A coalition of Pacific island nations are looking to raise $500m to reduce carbon emissions from shipping in the region to zero by 2050.
The Pacific Blue Shipping Partnership was announced on the sidelines of the UN General Assembly in New York on Tuesday 24 September, by coalition members the Marshall Islands, Fiji, Vanuatu, Solomon Islands, Samoa and Tuvalu.
The aim is to secure an initial $500m finance package to cut carbon emissions in shipping by 40 per cent by 2030, reducing them to zero by 2050.
However, the initiative will not cover international vessels that fly the flag of Marshall Islands or other Pacific ship registries.

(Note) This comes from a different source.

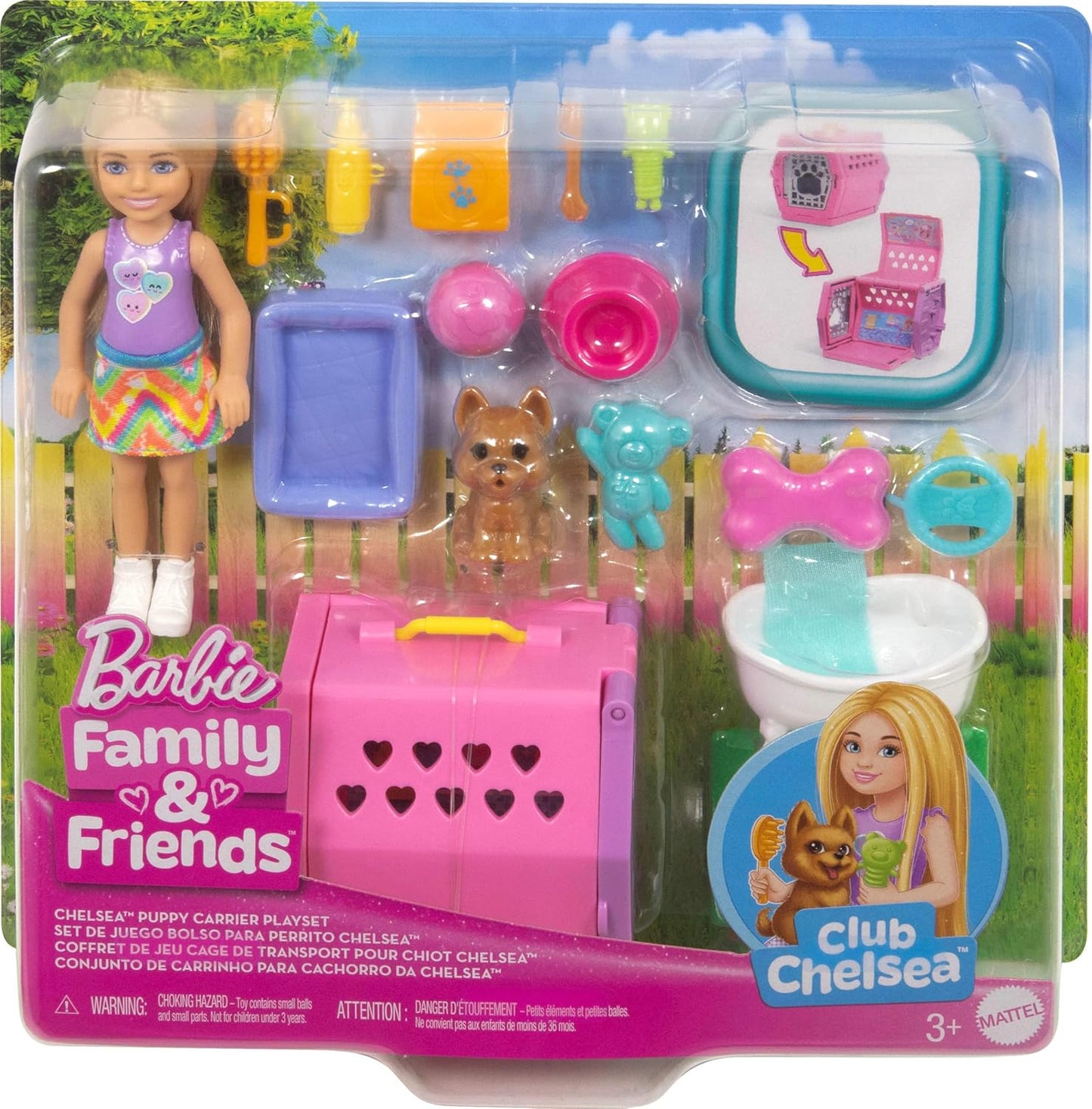 Barbie Conjunto de Brinquedo Chelsea® com Bolsa para Cachorrinho, Boneca Pequena Loira e Acessórios, Bolsa para Cachorrinho com Peças Temáticas de Cachorrinho, JDF89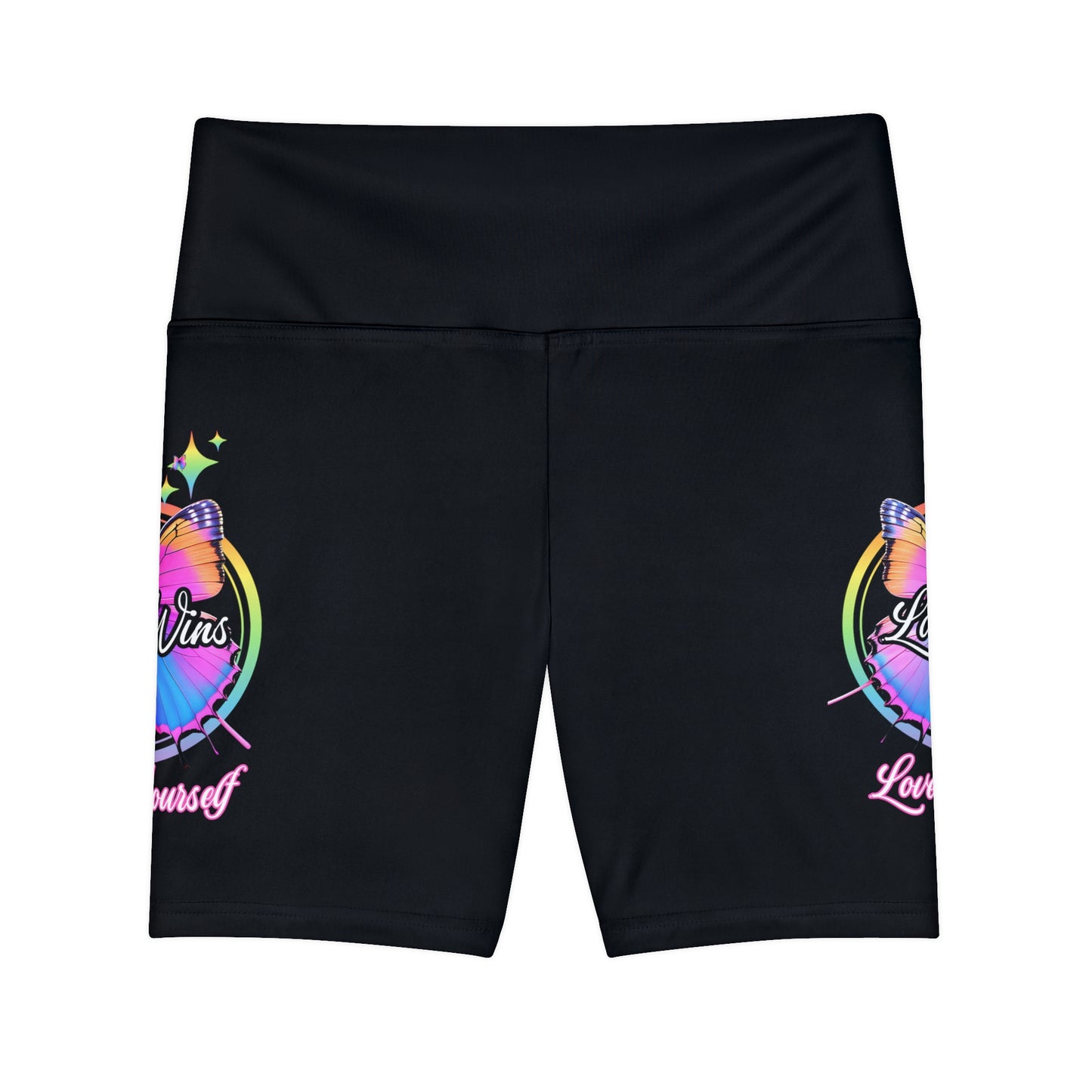 Butterfly Love Yourself High Waist Yoga Shorts (AOP)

The package would be spent on retrofitting existing passenger and cargo ferries with low-carbon technologies and buying new zero-emissions vessels.
New renewable energy generation and energy supply chains for regional shipping, and support for education and training, capacity building, and national policy reforms also feature in the decarbonisation plan.
According to Marshall Islands environment minister, David Paul, the key to the funding will be to ensure that it follows the priority of Pacific countries, and not be dictated by the donors.
Mr Paul told a forum at the UN climate action summit in New York that securing funding would spark a 'rapid transformation of our … shipping sector'.
Investment will derive from domestic and international sources, including donor finance, concessional loans, private sector investment, and a planned regional blue shipping bond.
The Pacific Blue Shipping Partnership will be officially launched in Chile at the end of the year at the meeting of the UN Convention on Climate Change.